Le prix européen du gaz poursuivait sa hausse inexorable hier, dopé par la difficulté de l’Union européenne à amasser des réserves suffisantes pour pouvoir se passer des exportations russes pendant l’hiver sans créer de pénurie.
Le contrat à terme du TTF néerlandais, référence du gaz naturel en Europe, s’échangeait pour 249,00 euros le mégawattheure (MWh) vers 11h50 GMT (13h50 à Paris), un niveau qui, selon l’AFP, n’a plus été observé en séance depuis les premières journées extrêmement volatiles de l’invasion de l’Ukraine par la Russie. La veille, il a même fini à un plus haut historique en clôture, à 241 euros le mégawattheure. C’est encore loin toutefois du sommet historique en séance atteint le 7 mars à 345 euros.
L’électricité suit pour sa part mécaniquement l’évolution des cours du gaz, car le marché est calé sur le coût des centrales à gaz (et à charbon) appelées à la rescousse pour assurer l’équilibre du système. Les prix ont été tirés «par de faibles niveaux de vent (pour l’éolien) ainsi que des coûts élevés pour l’électricité au charbon et au gaz», ont souligné les analystes de Rystad Energy, cités par l’Agence France Presse. Dans le même temps, un été particulièrement chaud a limité la production d’électricité : la canicule affecte les systèmes de refroidissement des centrales nucléaires et la sécheresse empêche les barges d’apporter le charbon jusqu’aux centrales allemandes. Or, la vague de chaleur stimule la consommation d’électricité pour la climatisation et la ventilation, limitant la baisse habituelle des mois estivaux. L’électricité pour livraison l’année prochaine en Allemagne a dépassé pour la première fois les 500 euros le MWh ces derniers jours, contre un peu plus de 300 euros début juillet. «Ceci pourrait être la plus grande crise énergétique de l’Europe depuis au moins une génération», prévient John Plassard, analyste chez Mirabaud.

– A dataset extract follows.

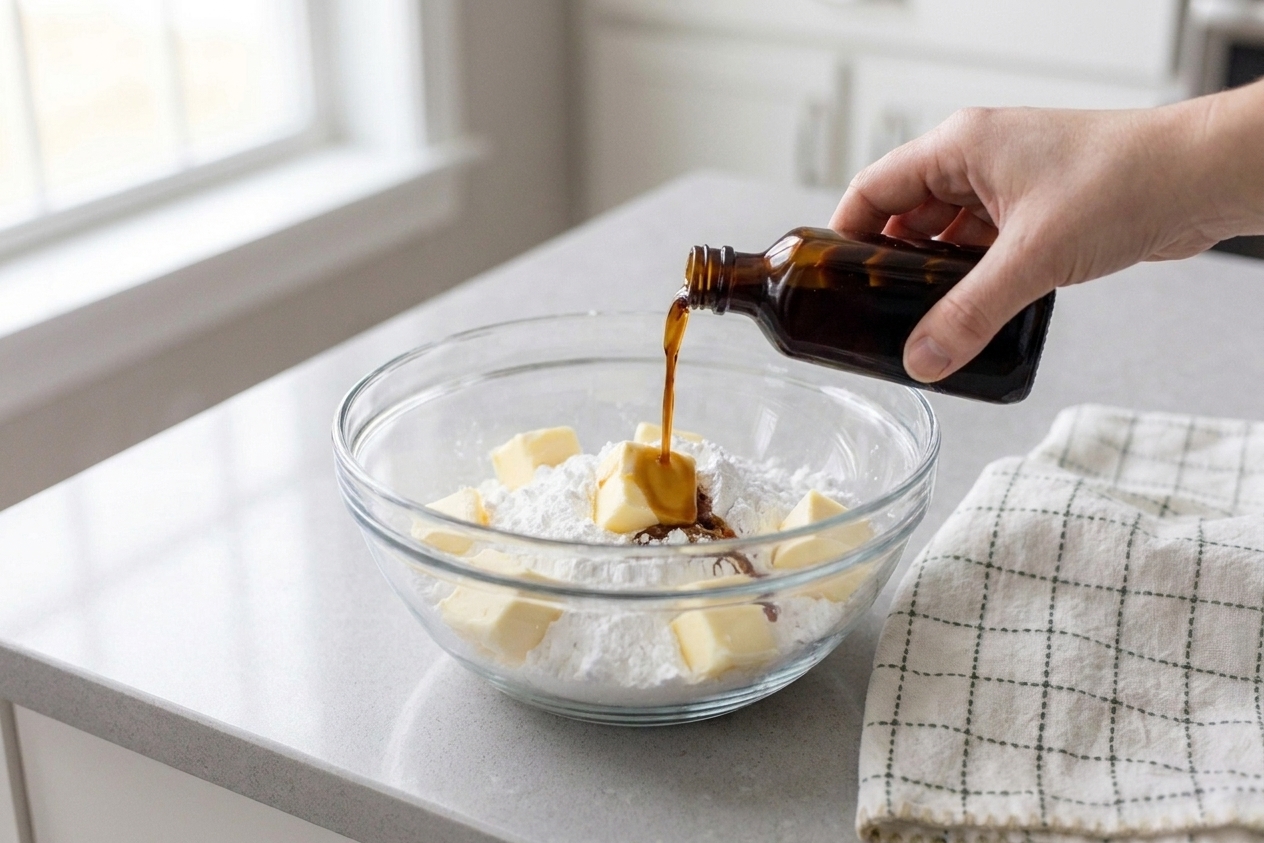 Vanilla extract being poured into a bowl with butter and powdered sugar for cinnamon roll frosting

Parmi les pays les plus impactés par cette situation, l’Allemagne. Elle risque de manquer l’objectif, fixé par le gouvernement d’Olaf Scholz, de remplissage de ses réservoirs de gaz, a alerté jeudi dernier le régulateur fédéral. «Je ne m’attends pas à ce que nous atteignions les prochains objectifs de stockage aussi rapidement que le premier», atteint deux semaines avant le terme, a déclaré Klaus Müller, chef du régulateur allemand de l’énergie, auprès du site T-online, repris par l’APS. Atteindre le prochain objectif, 85% des réservoirs remplis au 1er octobre, n’est, selon lui, «pas impossible, mais très ambitieux». «Dans tous nos scénarios, nous ne parviendrons pas à atteindre un niveau de remplissage moyen de 95% au 1er novembre», a ajouté M. Müller. «Nous n’y parviendrons pas car certains sites de stockage sont partis d’un niveau de remplissage très bas», a-t-il expliqué.
Face aux risques de pénurie, le ministre de l’Economie, l’écologiste Robert Habeck, avait fixé en juillet une série d’objectifs pour que les stocks de gaz atteignent 95% d’ici le 1er novembre, avant le début de l’hiver. Les réserves de gaz de l’Allemagne se situaient alors à environ 65% de leur capacité. Le week-end dernier, elles étaient remplies à 75%, deux semaines avant la date prévue. Mais atteindre les futurs objectifs va s’avérer délicat et nécessitera encore d’importantes économies d’énergie dans les années à venir. «Il ne s’agit pas d’un hiver mais d’au moins deux. Et le deuxième hiver pourrait être encore plus difficile», a mis en garde M. Müller. «Nous devons économiser beaucoup de gaz au moins une autre année. Pour le dire clairement : il y aura au moins deux hivers stressants.» Des pénuries sont à attendre dans certaines régions durant l’hiver, a-t-il fait savoir.
L’Allemagne est fortement dépendante du gaz russe et a vu ses livraisons chuter fortement depuis le début de la crise en Ukraine. Les factures énergétiques des ménages devraient s’envoler cet hiver et les pénuries mettre en difficulté des pans entiers de l’industrie allemande. Selon l’AFP, le gouvernement allemand a décidé d’abaisser temporairement la TVA sur le gaz de 19% à 7%, pour aider les consommateurs face à la flambée des prix déclenchée par la guerre en Ukraine, a annoncé le même jour, le chancelier Olaf Scholz. Le taux réduit restera en vigueur au moins jusqu’à fin mars 2024 et «nous nous attendons à ce que les entreprises répercutent à 100% cette baisse sur les clients», a ajouté M. Scholz devant la presse.